*** Opening of Source data ***

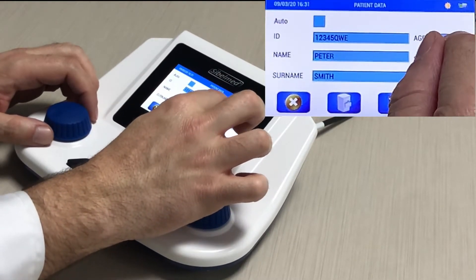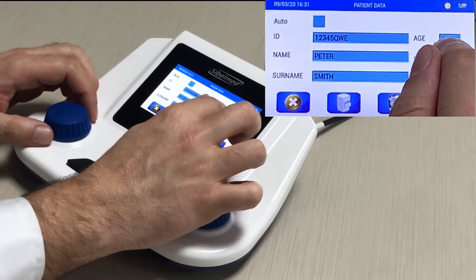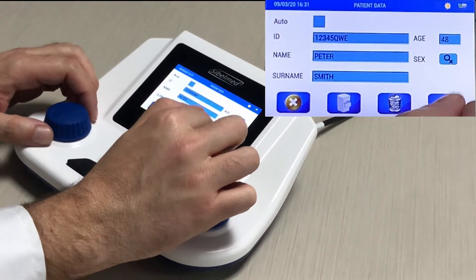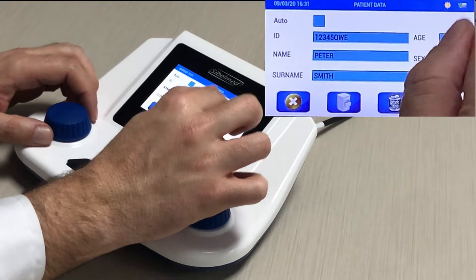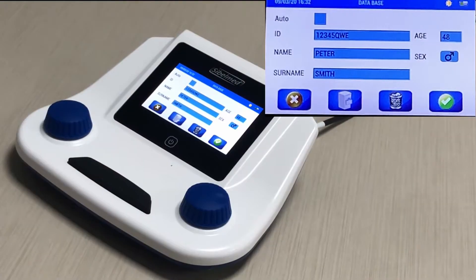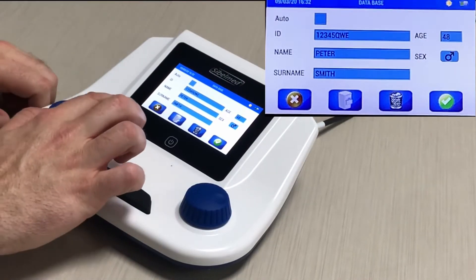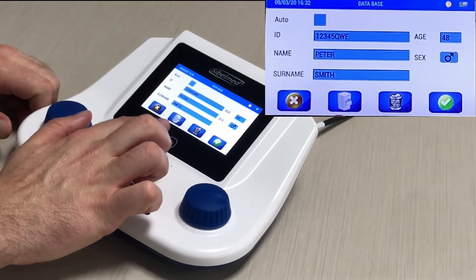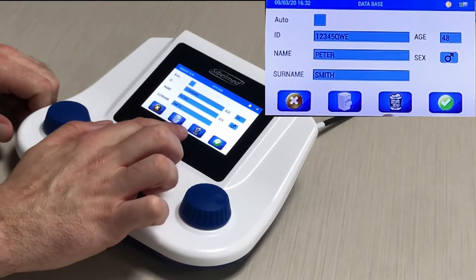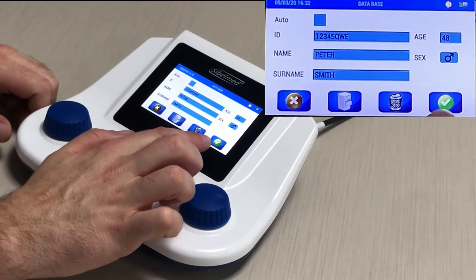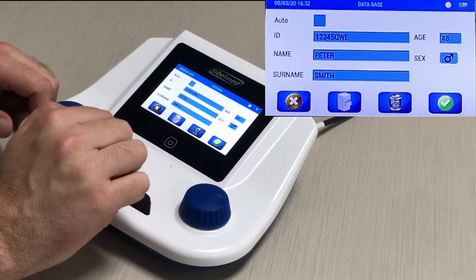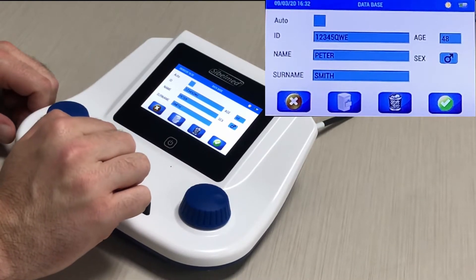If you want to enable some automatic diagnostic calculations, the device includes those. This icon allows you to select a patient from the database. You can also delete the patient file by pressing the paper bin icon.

*** Close of Source data ***
*** Opening of Source data ***

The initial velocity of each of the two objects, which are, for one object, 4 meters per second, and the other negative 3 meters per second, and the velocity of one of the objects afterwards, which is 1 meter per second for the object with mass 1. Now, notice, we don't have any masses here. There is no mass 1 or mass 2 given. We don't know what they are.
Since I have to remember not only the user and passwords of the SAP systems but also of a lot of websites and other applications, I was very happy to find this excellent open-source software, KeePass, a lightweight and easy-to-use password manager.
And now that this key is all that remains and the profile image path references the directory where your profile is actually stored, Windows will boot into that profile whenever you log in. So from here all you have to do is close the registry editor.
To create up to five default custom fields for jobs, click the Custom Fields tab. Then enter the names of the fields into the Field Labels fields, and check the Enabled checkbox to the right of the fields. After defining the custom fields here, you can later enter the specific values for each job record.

*** Close of Source data ***
*** Opening of Source data ***

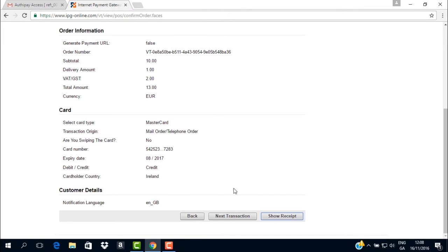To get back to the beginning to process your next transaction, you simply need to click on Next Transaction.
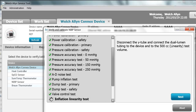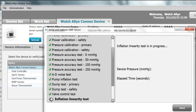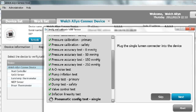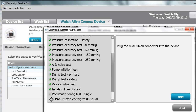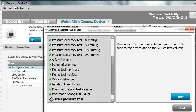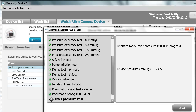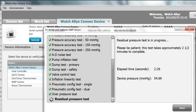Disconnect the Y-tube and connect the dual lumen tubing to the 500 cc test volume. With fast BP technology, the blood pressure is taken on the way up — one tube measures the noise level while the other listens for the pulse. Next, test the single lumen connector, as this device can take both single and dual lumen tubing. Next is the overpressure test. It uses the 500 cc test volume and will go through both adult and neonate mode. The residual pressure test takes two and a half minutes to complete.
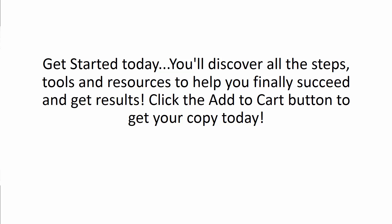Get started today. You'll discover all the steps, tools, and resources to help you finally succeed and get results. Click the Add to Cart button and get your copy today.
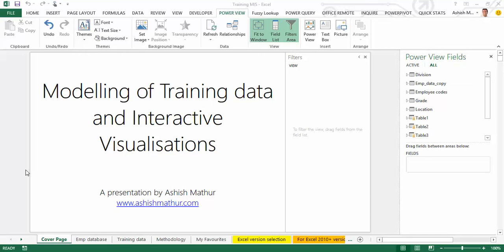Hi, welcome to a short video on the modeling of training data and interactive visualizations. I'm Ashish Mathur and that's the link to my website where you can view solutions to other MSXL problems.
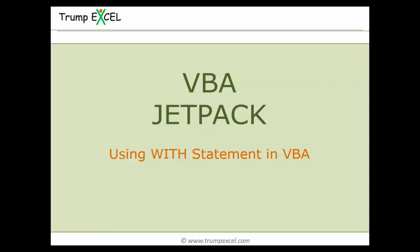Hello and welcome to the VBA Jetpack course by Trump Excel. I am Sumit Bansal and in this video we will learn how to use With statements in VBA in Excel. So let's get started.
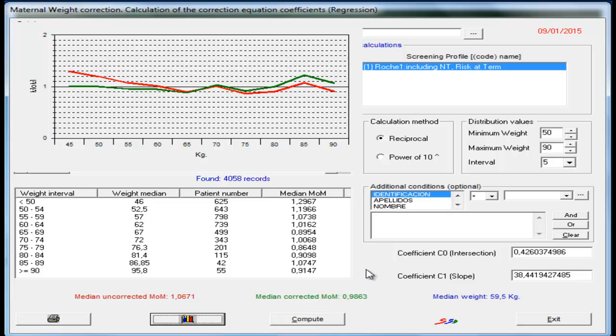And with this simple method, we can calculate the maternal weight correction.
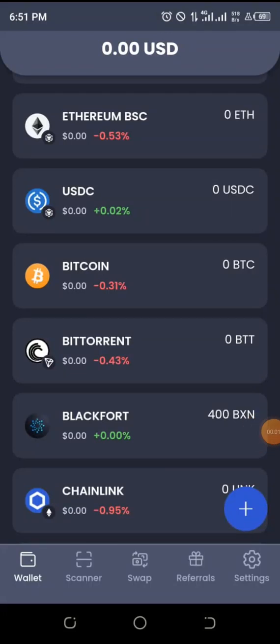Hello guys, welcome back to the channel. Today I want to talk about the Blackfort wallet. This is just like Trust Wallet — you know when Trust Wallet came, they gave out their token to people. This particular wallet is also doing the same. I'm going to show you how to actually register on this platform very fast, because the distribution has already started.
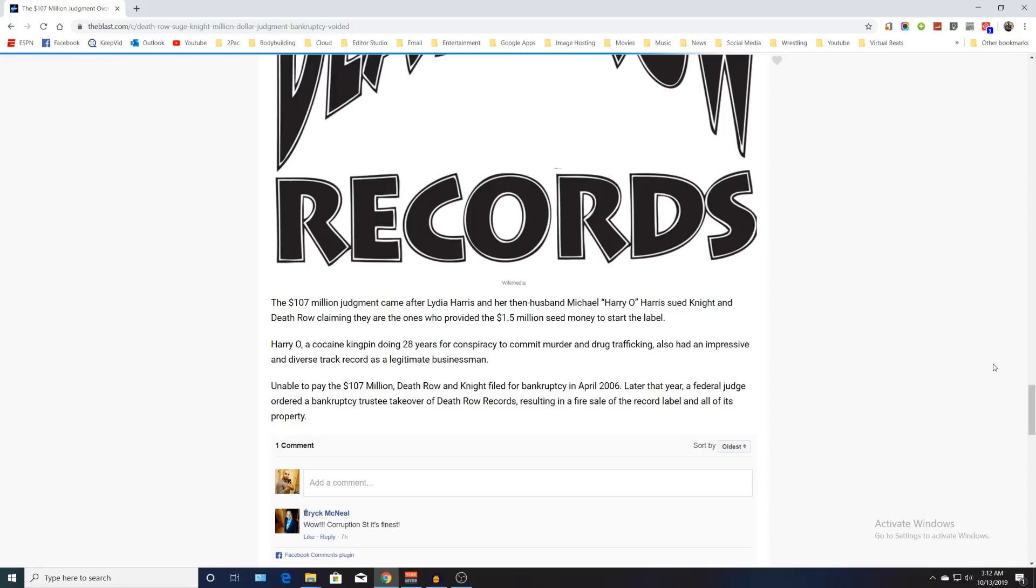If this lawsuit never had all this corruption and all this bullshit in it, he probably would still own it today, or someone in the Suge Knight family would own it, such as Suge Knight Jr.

*** Close of Source data ***

■ **Task objective**: In the listing above, find the line holding "Hi, welcome to" and the line holding "If this lawsuit". Reproduce those two lines and all between them exactly, leaving out pictures.

■ **Exercise output**:
Hi, welcome to a short video on the modeling of training data and interactive visualizations. I'm Ashish Mathur and that's the link to my website where you can view solutions to other MSXL problems.
Hello and welcome to the VBA Jetpack course by Trump Excel. I am Sumit Bansal and in this video we will learn how to use With statements in VBA in Excel. So let's get started.
And with this simple method, we can calculate the maternal weight correction.
Hello guys, welcome back to the channel. Today I want to talk about the Blackfort wallet. This is just like Trust Wallet — you know when Trust Wallet came, they gave out their token to people. This particular wallet is also doing the same. I'm going to show you how to actually register on this platform very fast, because the distribution has already started.
If this lawsuit never had all this corruption and all this bullshit in it, he probably would still own it today, or someone in the Suge Knight family would own it, such as Suge Knight Jr.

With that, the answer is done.